**EXERCISE DIRECTIONS**
Retype every record exactly as it appears.

**Stored data entries**
====================
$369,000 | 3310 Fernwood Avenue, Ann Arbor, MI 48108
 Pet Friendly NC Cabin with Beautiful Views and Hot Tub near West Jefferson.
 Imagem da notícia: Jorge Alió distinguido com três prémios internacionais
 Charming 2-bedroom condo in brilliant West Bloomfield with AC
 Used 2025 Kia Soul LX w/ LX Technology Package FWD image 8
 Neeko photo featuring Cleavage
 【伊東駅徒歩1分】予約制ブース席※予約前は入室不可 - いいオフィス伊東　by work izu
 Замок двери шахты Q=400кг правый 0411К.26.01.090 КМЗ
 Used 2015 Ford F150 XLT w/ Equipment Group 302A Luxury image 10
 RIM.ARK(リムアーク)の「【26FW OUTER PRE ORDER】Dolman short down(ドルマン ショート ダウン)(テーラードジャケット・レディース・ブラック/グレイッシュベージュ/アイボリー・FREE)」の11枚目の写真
====================
**RESULT OF THE EXERCISE**
$369,000 | 3310 Fernwood Avenue, Ann Arbor, MI 48108
 Pet Friendly NC Cabin with Beautiful Views and Hot Tub near West Jefferson.
 Imagem da notícia: Jorge Alió distinguido com três prémios internacionais
 Charming 2-bedroom condo in brilliant West Bloomfield with AC
 Used 2025 Kia Soul LX w/ LX Technology Package FWD image 8
 Neeko photo featuring Cleavage
 【伊東駅徒歩1分】予約制ブース席※予約前は入室不可 - いいオフィス伊東　by work izu
 Замок двери шахты Q=400кг правый 0411К.26.01.090 КМЗ
 Used 2015 Ford F150 XLT w/ Equipment Group 302A Luxury image 10
 RIM.ARK(リムアーク)の「【26FW OUTER PRE ORDER】Dolman short down(ドルマン ショート ダウン)(テーラードジャケット・レディース・ブラック/グレイッシュベージュ/アイボリー・FREE)」の11枚目の写真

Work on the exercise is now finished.